*** Opening Stored data ***

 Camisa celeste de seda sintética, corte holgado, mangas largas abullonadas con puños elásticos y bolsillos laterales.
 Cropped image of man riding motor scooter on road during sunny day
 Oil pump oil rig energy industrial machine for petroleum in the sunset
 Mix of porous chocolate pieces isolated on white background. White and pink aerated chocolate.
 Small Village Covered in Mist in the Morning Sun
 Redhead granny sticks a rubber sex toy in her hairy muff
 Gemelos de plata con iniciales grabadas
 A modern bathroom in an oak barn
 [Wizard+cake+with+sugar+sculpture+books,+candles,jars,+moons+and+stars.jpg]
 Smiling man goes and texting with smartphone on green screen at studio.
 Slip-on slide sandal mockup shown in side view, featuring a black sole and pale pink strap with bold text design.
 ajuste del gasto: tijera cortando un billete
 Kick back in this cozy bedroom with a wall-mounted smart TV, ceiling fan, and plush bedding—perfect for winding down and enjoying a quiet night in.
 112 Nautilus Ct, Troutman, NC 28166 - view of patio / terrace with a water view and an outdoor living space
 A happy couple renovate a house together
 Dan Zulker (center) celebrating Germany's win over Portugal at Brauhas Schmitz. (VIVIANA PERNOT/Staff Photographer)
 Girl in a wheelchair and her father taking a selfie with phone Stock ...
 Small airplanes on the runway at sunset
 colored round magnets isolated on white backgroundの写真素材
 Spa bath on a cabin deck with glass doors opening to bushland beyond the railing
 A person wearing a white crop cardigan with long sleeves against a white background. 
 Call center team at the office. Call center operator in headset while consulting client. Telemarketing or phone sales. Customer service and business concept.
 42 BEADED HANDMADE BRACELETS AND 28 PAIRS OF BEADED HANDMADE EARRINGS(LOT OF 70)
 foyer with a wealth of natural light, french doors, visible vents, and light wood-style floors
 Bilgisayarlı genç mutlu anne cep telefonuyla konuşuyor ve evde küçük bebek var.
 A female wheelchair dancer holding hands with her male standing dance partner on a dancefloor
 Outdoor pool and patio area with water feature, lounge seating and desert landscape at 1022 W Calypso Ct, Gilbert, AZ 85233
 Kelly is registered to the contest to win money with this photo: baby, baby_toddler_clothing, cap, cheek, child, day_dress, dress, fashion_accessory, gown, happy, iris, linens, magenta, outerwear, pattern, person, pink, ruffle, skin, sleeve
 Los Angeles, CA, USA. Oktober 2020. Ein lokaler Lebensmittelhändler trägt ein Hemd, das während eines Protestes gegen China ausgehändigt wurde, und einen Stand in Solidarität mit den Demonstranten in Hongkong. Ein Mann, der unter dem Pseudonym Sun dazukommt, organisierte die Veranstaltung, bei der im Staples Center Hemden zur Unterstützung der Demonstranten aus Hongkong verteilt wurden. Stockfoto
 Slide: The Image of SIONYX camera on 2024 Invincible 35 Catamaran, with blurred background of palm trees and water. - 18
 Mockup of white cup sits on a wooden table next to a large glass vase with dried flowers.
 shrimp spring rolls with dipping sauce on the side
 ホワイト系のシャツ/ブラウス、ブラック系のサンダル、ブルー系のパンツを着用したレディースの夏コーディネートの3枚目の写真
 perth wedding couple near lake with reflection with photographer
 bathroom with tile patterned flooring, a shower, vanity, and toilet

*** Closing Stored data ***

What you should do
Going down the listing above, begin printing at the line with "Smiling man goes" and finish with the line with "A happy couple renovate a house together", exactly as they appear.

Solution to this task
 Smiling man goes and texting with smartphone on green screen at studio.
 Slip-on slide sandal mockup shown in side view, featuring a black sole and pale pink strap with bold text design.
 ajuste del gasto: tijera cortando un billete
 Kick back in this cozy bedroom with a wall-mounted smart TV, ceiling fan, and plush bedding—perfect for winding down and enjoying a quiet night in.
 112 Nautilus Ct, Troutman, NC 28166 - view of patio / terrace with a water view and an outdoor living space
 A happy couple renovate a house together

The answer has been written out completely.